Heat Release During the Flow of a Thin Film of Liquid on a Horizontal Plate Under the Action of Shear Forces from the Air Flow
摘要
The mathematical and physical modeling of the heat exchange of an air stream with a horizontal surface of a film-coated liquid, which is widely used in heat engineering to intensify heat and mass transfer processes, is considered. Mathematical modeling of the flow of a liquid film under the action of shear forces of an incoming air stream is based on a system of shallow water equations. Physical modeling was carried out on the developed experimental setup using the shadow method with simultaneous measurement of temperature and humidity differences above the heat exchange surface. The formation of a wave flow of a thin film of liquid on a horizontal surface during a transient mode of air flow is shown.
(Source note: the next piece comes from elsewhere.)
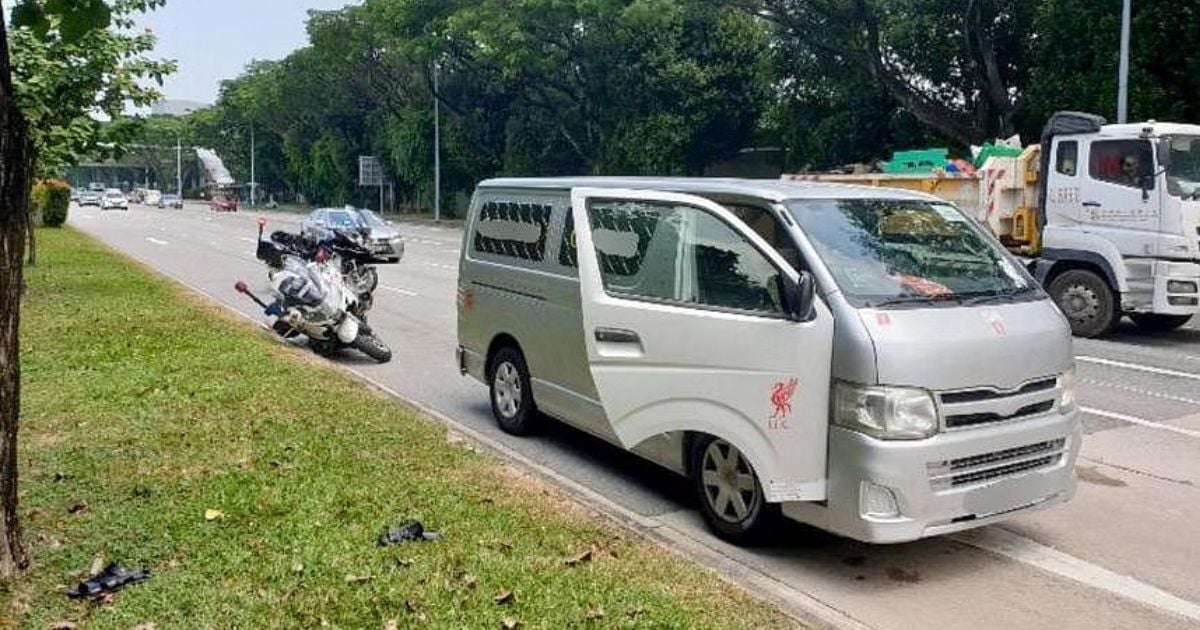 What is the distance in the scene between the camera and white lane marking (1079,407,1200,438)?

There is an intensification of heat exchange, which is 15–20% higher than in the laminar regime. The dependence for determining the heat transfer coefficient of a thin liquid film on a horizontal plate under the action of shear forces from an air flow is obtained. A spectrum of longitudinal wave profiles and its amplitudes is obtained for the first and second harmonics of the flow, which affect the average thermal conductivity of a thin condensate film on a horizontal surface. The study was performed within the framework of the Southwestern State University development program of the Priority 2030 project and state task No. 075-03-2025-526.